On Tue, 13 Nov 2001, Kent Karlsson wrote:

> >> The precomposed Hangul syllable U+AE4C (GGA) is canonically
equivalent
> >> with <U+1101, U+1161> (GG, A), through algorithmic decomposition.
That is fine
> >> so far. But <U+1101, U+1161> is in turn equivalent to
> >> <U+1100, U+1100, U+1161> (G, G, A),

> >> but this equivalence is neither a canonical equivalence, as it
> >> should have been, nor a compatibility equivalence. Still, the
latter letter
> >> sequence represents EXACTLY the same syllable as the two earlier
character
> >> sequences, and a proper rendering engine (of which there are
already some,
> >> I'm told) would correctly render the three sequences in the same
way.

> >Are you raising this possiblity:    U+1101 <---> U+1100 U+1000
> > (GG <-> G G) ?

> >Design of conjoining (cluster) jamos treat two choseong sequence

> (You mean <U+1100, U+1100>.) No, that is not a syllable break
condition.
> See tables 3-4 and 3-5 on page 53 in TUS 3.0 (link below).

> (B.t.w. apart from algorithmic decomposition (per se) of Hangul
> syllable characters,
> the cluster Jamos are not needed, and should ideally not be used. That
is not
> spelled out in TUS 3.0, though...)

  Idealy, I agree that they should not, but in practice
we have to allow them to be used.


> > That is described somewhere in Unicode 3, >chapter 3,section 11.
That will help you.
>
> Please reread that section carefully! (Link below.) In particular page
53.
>
> >if some rendering engine display the two as the same syllable,
> >I suspect the product is buggy or beyond the standard. :-)

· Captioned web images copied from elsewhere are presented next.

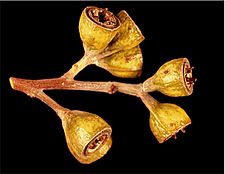 Eucalyptus griffithsii fruit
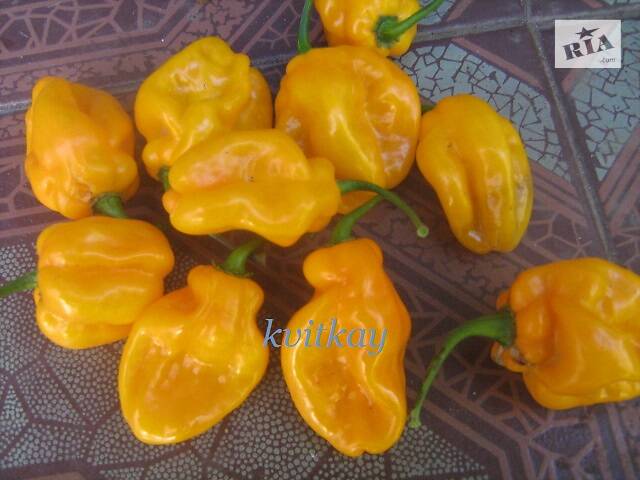 Перец острый хабанеро, семена - Фото 6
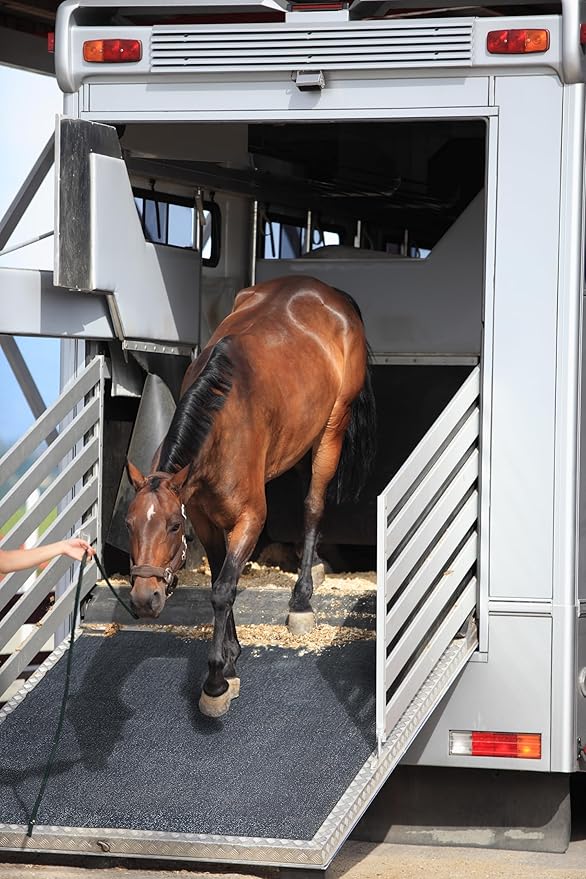 Heavy Duty Horse Stall Mats (20 Pack) - Stable Mats, Durable 3/4 in. Thick Rubber Flooring - Solid Black - 3.5' x 6' Mat for Stables, and More - 42 in. x 72 in. Stall Mat
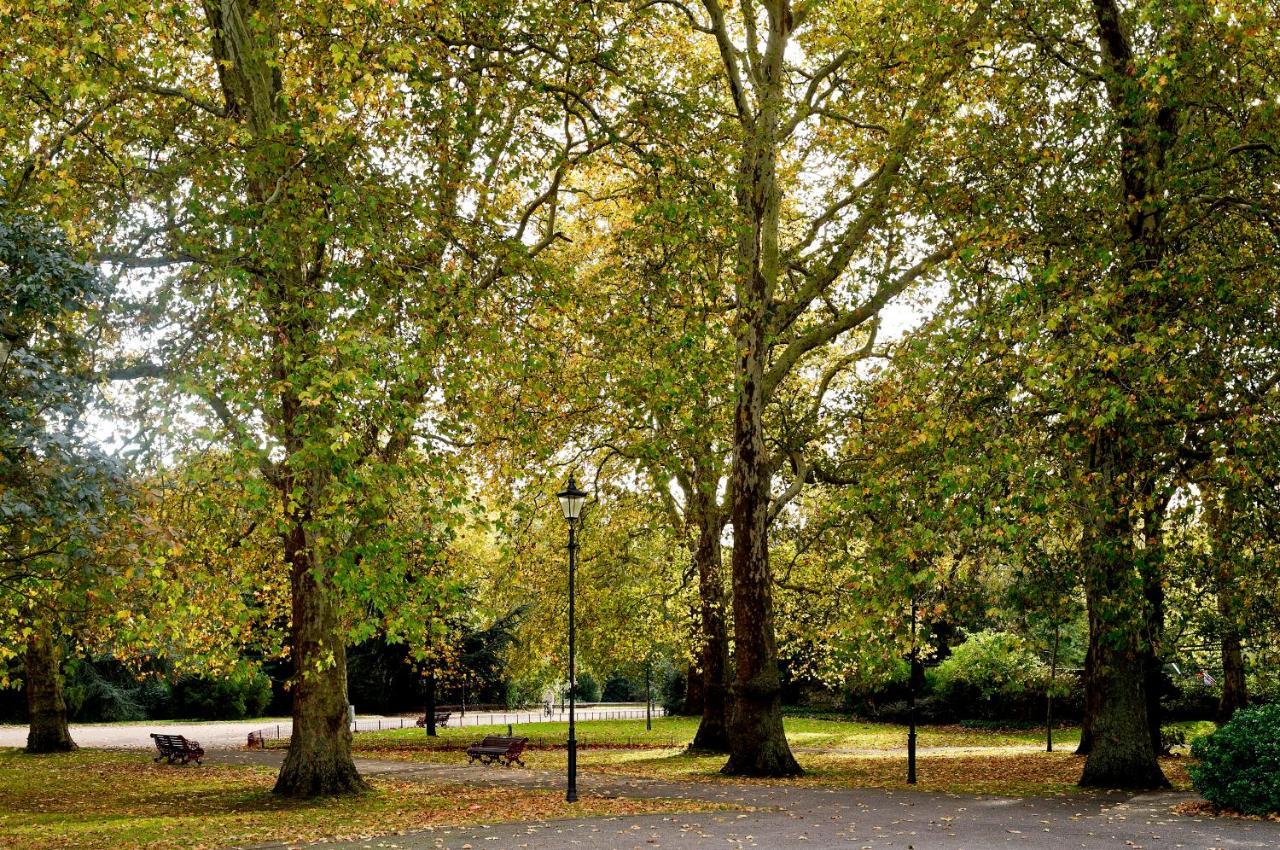 Appartement Veeve - White Lights On Wendle Square Londen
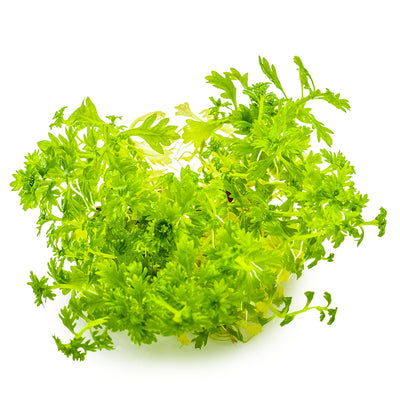 Hottonia palustris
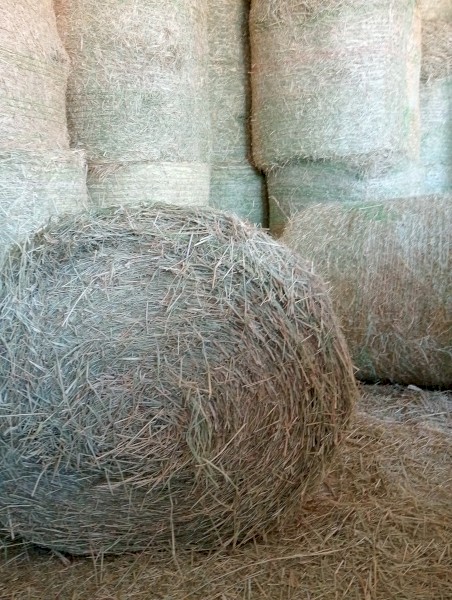 1000 x Rhodes Grass 4x3 Bales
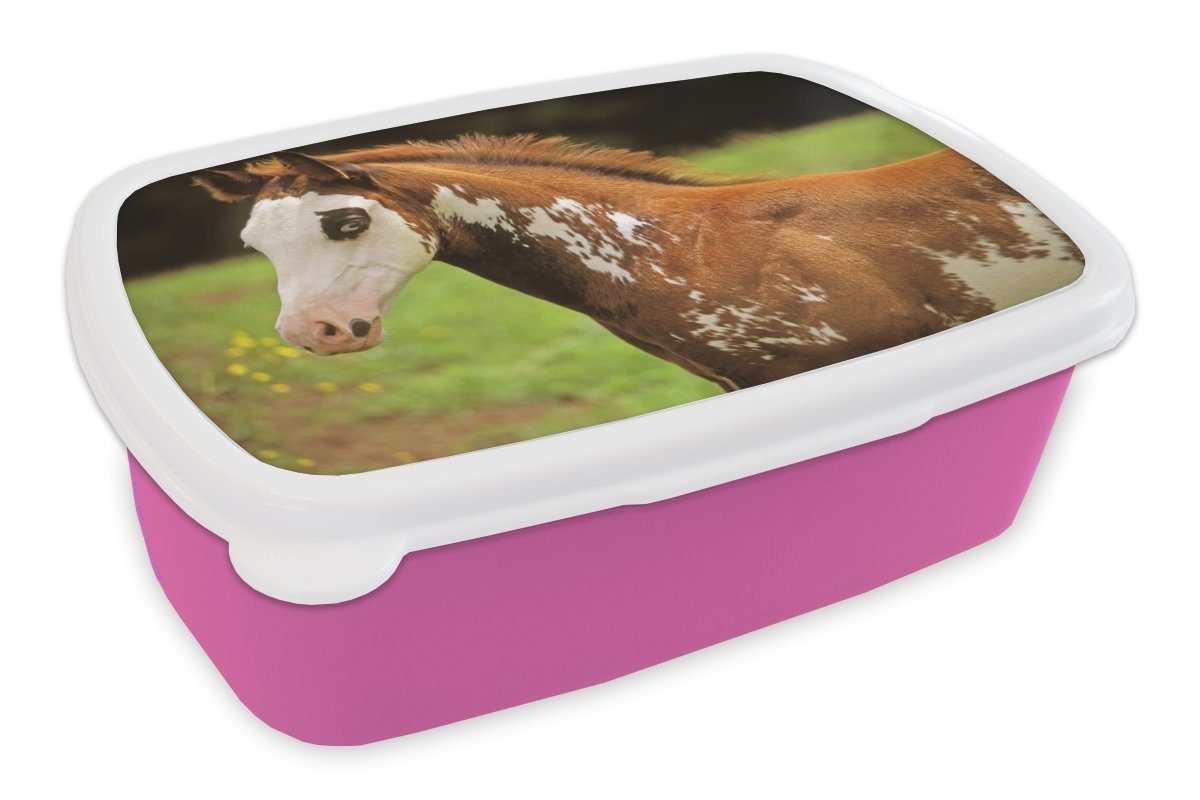 MuchoWow Lunchbox Pferd - Weiß - Braun, Kunststoff, (2-tlg), Brotbox für Erwachsene, Brotdose Kinder, Snackbox, Mädchen, Kunststoff rosa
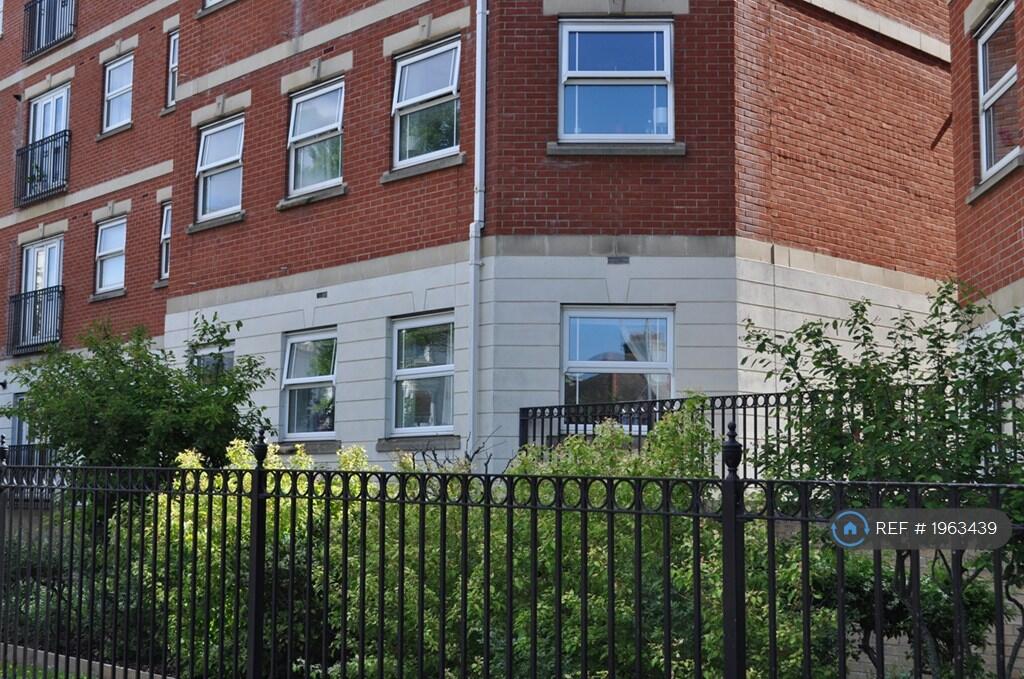 Front Windows - Holland Road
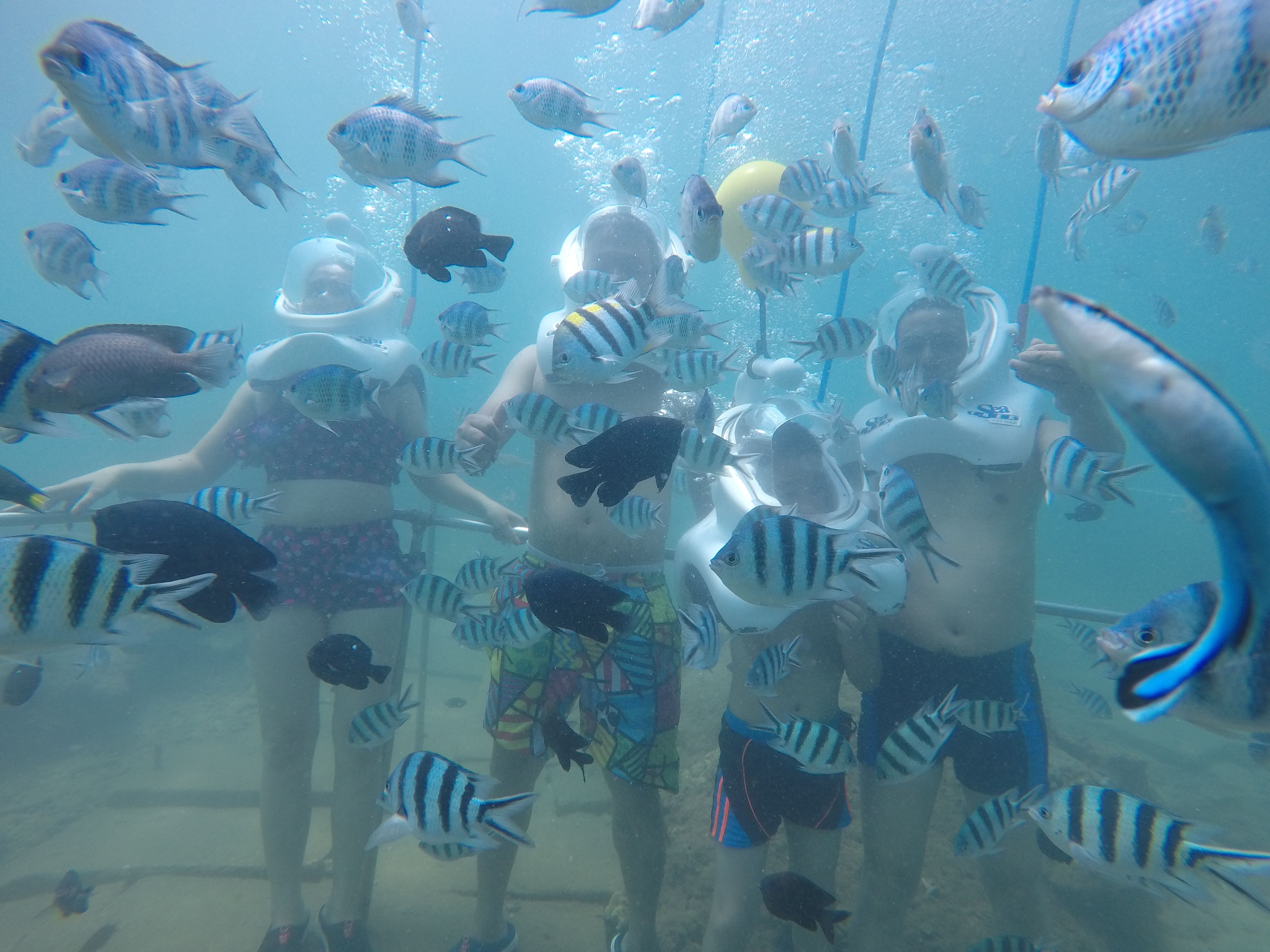 Cham Island Walking Under Water and Snorkeling by Speedboat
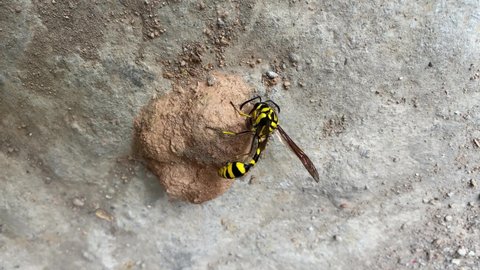 Asian giant hornet making hive on the ground 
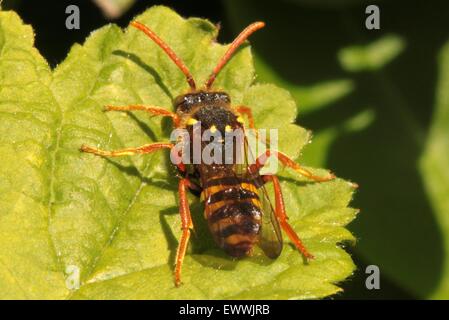 Gooden è il Nomad Bee (Nomada goodeniana) Foto Stock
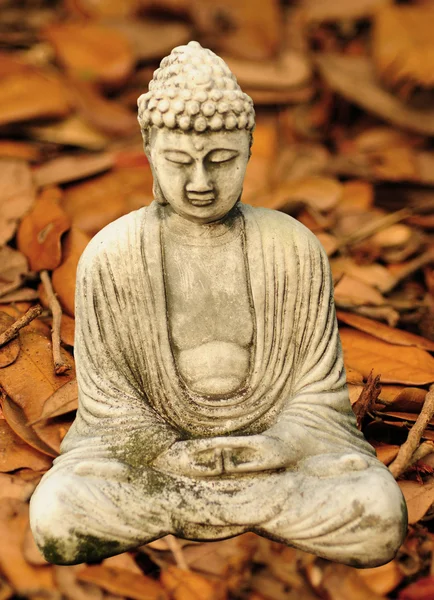 Herbstbuddha — Stockfoto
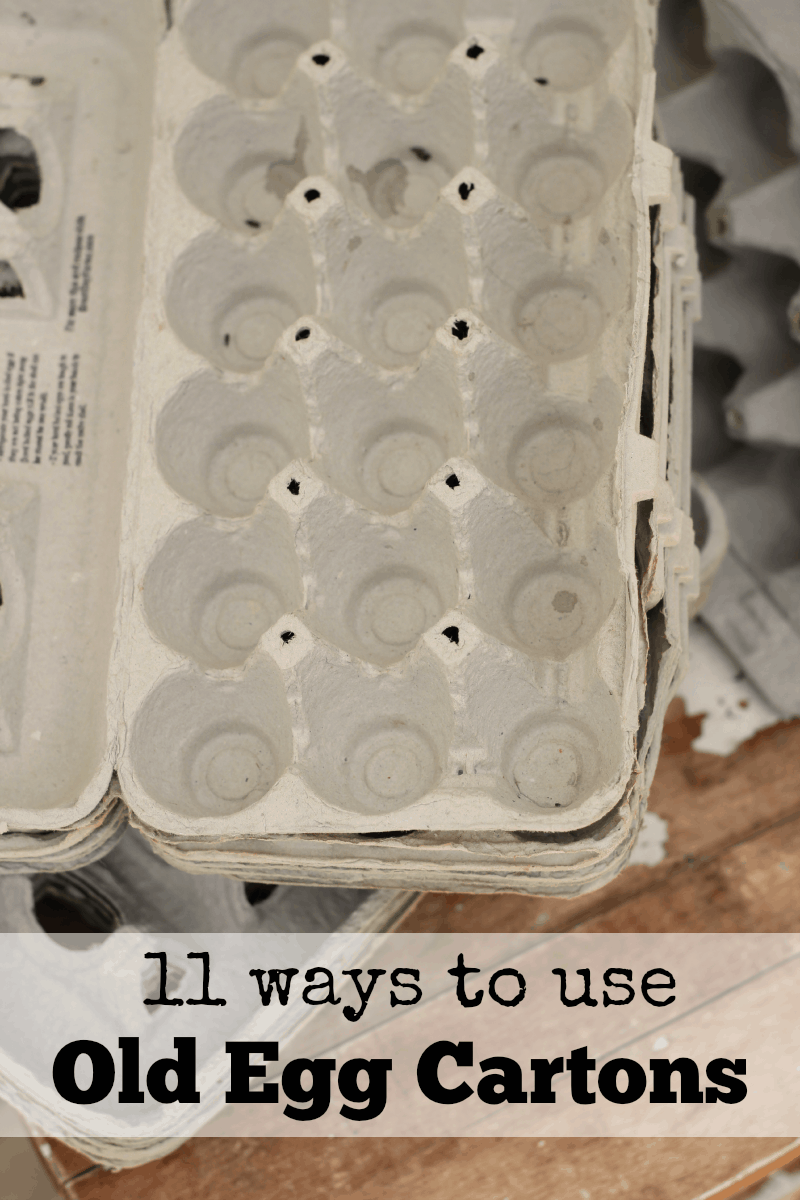 11 Ways to Use Old Egg Cartons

  I don't see any reason to classifiy such a rendering engine
as buggy.  Such a  rendering engine faithfully follows   the underlying
principle of Hangul syllable formation as manifested in HunMinJongUm
Haerye(훈민 음 해례), which is well represented by section 3.11
of TUS 3.0.

> No, it's not beyond the Unicode standard at all.  See page 53 of TUS
3.0,
> http://www.unicode.org/unicode/uni2book/ch03.pdf which says (my
emphasis):
> "A standard syllable block is composed of a *sequence* of choseong
followed
> by a *sequence* of jungseong and optionally a *sequence* of
jongseong."

  I missed 'a sequence of' part in my first reading of the section
and thought it should be revised to make it much more general than I
thought Unicode standard had stipulated.  It turned out that TUS 3.0,
as it stands, is general and flexible enough to be able to encode
Hangul syllables made up of consonant clusters and vowel clusters
not assigned their own code points.

>....
>         Hangul-syllable-NFD  ::=   C+  V+  F*  T*
>....

> This is needed to be able to spell historic (and future) Hangul texts
that
> may  use consonant or vowel clusters that are not given a character
> of their own.

  Yes, this is absolutely necessary. MS Office XP and Windows XP support
a lot more Hangul Jamos and accordingly syllables than can be obtained
using only Jamos currently given a codepoint of their own and
restricting the Hangul syllable forming rule to 'C V F?'

> Taking into account what NFC may cause, the full Hangul syllable
syntax is:
>
> Hangul-syllable  ::=
>                  C*  CVsyllable  V*  F*  T*
>             |    C*  CVFsyllable  F*  T*
>             |    C+  V+  F*  T*
>
> where CVsyllable is a consonants-vowels syllable character, and
CVFsyllable is a
> consonants-vowels-consonants syllable character.
>
> >Would you tell me the version of the rendering engine ?
>
> I'm told(!) this is (properly!) implemented at least in Windows XP and
> IE 6 (maybe also IE 5.5).  Perhaps also elsewhere (I'm not keeping
track).

  It's a version of UniScribe (MS's rendering engine for
complex scripts like Indic/Thai/Burmese scripts, Hangul,  Arabic and
Hebrew) and opentype fonts with glyph substitution rules for Middle
Korean
that come with Korean version of MS Windows XP, MS Office XP and MS IE
6. (MS IE 5.5 and MS Office 2000 uses the private use area to support
a limited set of pre-composed Middle Korean syllables).

  However, I'm not sure whether this rendering engine renders 'U+1100
U+1100' as U+1101. What I was told by  Seuk Soo SUNG
<seuksoos@microsoft.com> is that it implemented  'C+  V+  F*' (he
didn't use 'C+ V+ F*' in his message ) for Middle Korean but NOT for
modern Korean. I'm copying this message to him  for further
clarification.

   Regards,

   Jungshik Shin